Sunday, September 02, 2007

The Records' 3rd is Coming on CD!!!!

The Records' third album is coming out on CD this month!! During their ever-too-short lifetime, the Records put out three truly wonderful slabs of power pop. The first two have been released on CD by the UK's On The Beach label, owned by Will Birch, the drummer and one of the two main songwriters of the band. It wasn't certain whether or not that third record would ever make it to CD, but earlier this year, Will Birch sent out an emailer to confirm that he would be reissuing the third Records record, Music On Both Sides. This is great news to me! On The Beach did a great job with the remastering of the first two Records releases, adding bonus tracks and restoring UK running orders but alluding to the altered American releases. It will be great to have all three of these on CD.

To the music fan who has never heard of the Records, they're a truly great British power pop group, sadly more obscure than Big Star. The Big Star comparison is apt; both are groups which didn't get their proper due during the band's lifetime. It's funny if you really trace out the etymology of their sound; The Who and the Beatles started out aping American R&B like Stax and Motown. Big Star aped the Who, and added a lot of the Memphis soul they grew up in. Then the Records took that great Big Star, Raspberries, and created their own great sound. If you think about it, their sound has criss-crossed the Atlantic Ocean three times!!

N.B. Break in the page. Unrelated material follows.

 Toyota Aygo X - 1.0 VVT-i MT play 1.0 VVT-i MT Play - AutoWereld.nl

The Records started as the logical progression of British pub rockers the Kursaal Flyers; in other words, by the time the Records got started, they'd already had a bit of experience. Once they formalized as the Records, they backed Stiff Records artists and even joined the second big Stiff package tour. The exposure this tour afforded them got them signed to Virgin Records. The debut album was called Shades in Bed in the UK when Virgin released it in 1979. At the time, Virgin struck up a promising American distro deal with Atlantic Records, and Virgin America mk 1 released the record as The Records, also changing the sequence and the cover. This American version (along with the other two Records LPs) is the one I bought at the late Jefferson Park record store Penny Lane. I heard their most famous song "Starry Eyes" on WXRT, and was smitten by the chimey Roger McGuinn-styled guitar runs and the watertight tune. The rest of the record not only was musically great, they had a wry, "British" sense of humor. Songs like "All Messed Up And Ready To Go", "Girls That Don't Exist", and "Affection Rejected" had you chuckling while you marveled at the great harmonies. Will Birch and John Wicks established themselves as the Lennon/McCartney (or would that be the Bell/Chilton?) of the group, a formidable songwriting duo if ever there was one. They made it sound so easy.

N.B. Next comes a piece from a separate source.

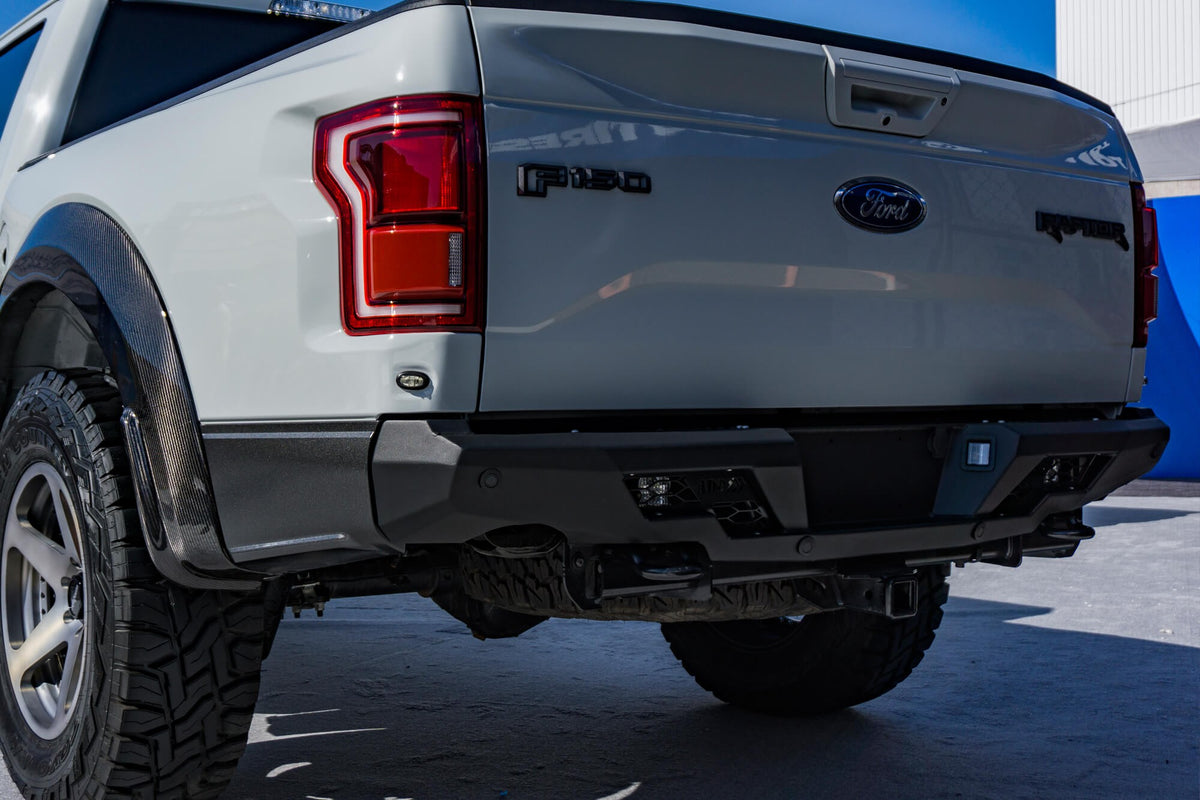 2017-2020 Ford F-150 Raptor Stealth Fighter Rear Bumper Addictive Desert Designs-2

Next up, they lost their sonically flashy lead guitarist Huw Gower and gained Records-fan-turned-Records-bandmember Chicagoan Jude Cole as guitarist and vocalist for their second disc, 1980's Crashes. Again, the American release re-sequenced the tracks; listening to the UK running order on the CD is a slight readjustment. On this album, not only was the classic sound still there, the songs were even stronger. Mixed in with musically-great comic numbers like "Man With The Girlproof Heart" and "The Worriers" (a play on the then-current movie The Warriors, get it?), there were flat-out all-time classics like "Hearts In Their Eyes", "Girl In Golden Disc", and "The Same Mistakes". The already-strong debut album had been topped.

By the time of the third disc, Music On Both Sides (recorded in 1981, but belatedly released by Virgin in 1982), they'd not only lost the services of Jude Cole, but their label had lost the US distribution deal with Atlantic Records. However, Virgin had a new distro deal with Jem Records of New Jersey, and the Records had gained a new vocalist Chris Gent and a new guitarist Dave Whelan. The humor was still present, but not as acute. The addition of the new members added a new dimension to the sound. It's still classic power pop (witness "Heather And Hell", "King Of Kings", and "Not So Much The Time"), but also had been sonically updated beyond revisionistic tendencies, as power pop is often wont to do. Even though it sounds like releasing two underappreciated albums took a bit of wind out of their sails, Music On Both Sides is still a strong Records album. However, Virgin (which was at the time definitely an indie label, not a now-faceless division of struggling corporate monolith EMI) was having financial problems, and chose to drop the Records after poor sales, and the Records split.

In the ensuing years, their music gradually came out on CD in piecemeal fashion; there's a great single disc compilation called Smashes, Crashes, and Near Misses on Caroline (another US label of Virgin Records) which I will recommend to beginners. This one collects a lot of strong cuts from the three releases, adds B-sides, and provides a great overview. Once you fall in love with this disc, you're gonna want to buy all three of the CD reissues. And come the end of September, they will ALL be available in excellent, loving CD reissues!!!!